The reason I bring this up is to say that Germany is still doing a great job at making rail public transport available, despite the crumbling infrastructure. As long as it can still get you from A to B reliably and safely, it is making a positive contribution to reducing the carbon footprint of travel. Hopefully, by the time that the infrastructure has degraded to the point where the service is dangerous or out of capacity, various components will have become slightly cheaper as well (rail crimping, for instance).


In germany (currently month 2 of 3) there is an ticket for 9€ per month for using local public transport. Millions of tickets are sold and people are using the so much that the trains are litterally full. And the users are still enduring it.

For those who don't know it: german trains have an lowsy reputation at best, no cooling in the summer, no heating in the winter and every user has to plan for the case the train is 15 minutes or more late or broke on the way down.


I just took the Barcelona-Paris train a few months ago and paid 119 Euros for a 1st Class ticket. I think it was 79 Euros for a 2nd class ticket. I was just looking at buying tickets for my entire family of four from Munich to Berlin for this summer, and the price is 95 euros for the entire family.

That doesn't really jibe with what the author is complaining about. I get that there will be instances where the old system better serviced some parts of the network, but I believe for the vast majority of the people using the train, high speed lines have been an absolute boon.


As someone using the German railway for a large distance destination couple a weeks ago it was a total disaster, we got stranded in a unfamiliar German city.
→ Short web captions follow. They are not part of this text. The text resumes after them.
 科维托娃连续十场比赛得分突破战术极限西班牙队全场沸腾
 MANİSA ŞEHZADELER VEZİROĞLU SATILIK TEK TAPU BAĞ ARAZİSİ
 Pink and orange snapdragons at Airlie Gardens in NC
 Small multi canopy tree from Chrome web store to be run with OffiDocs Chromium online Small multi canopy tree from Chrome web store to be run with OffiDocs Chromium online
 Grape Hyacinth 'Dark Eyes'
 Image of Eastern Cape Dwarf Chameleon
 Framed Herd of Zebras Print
Deutsche bahn told us they didn’t have any of their (partner) hotel rooms left. Just arrange something yourself. That was very nice because all the hotels were full anyway. It took us another 2 hours of calling to find something. I was exhausted when I finally checked in somewhere at 1 am.

I try to avoid flying, but the German railway is giving me nightmares. I frequently travel through Germany and it is the exception if there aren’t any large issues.

The article itself is very thin when giving its reasons. I’m sure it’s oké for people without the money to spend, but I would rather pay more for increased reliability. If the German summers are similar to how the Dutch maintains their railways, I’m sure they will plan a ton of construction while the masses of people that usually take the trains for work are on holiday. So I’m inclined to see this promotional as compensation for bad summer train service.


Cross border rail travel is a mess. We had online booking of flights across countries and airlines since forever, and thousands of booking sites seem to be able to hook into the booking backends like Amadeus and provide multi hop booking. Doing the same for train travel isn’t nearly as easy. This should be priority one.

The second priority should be cost. Train travel should never be more expensive than even low cost airline tickets. Within the EU this would seem fixable by taxing and subsidies to just move money from air travel to train ticket subsidies. Tax funded subsidies is a clumsy instrument but it’s needed.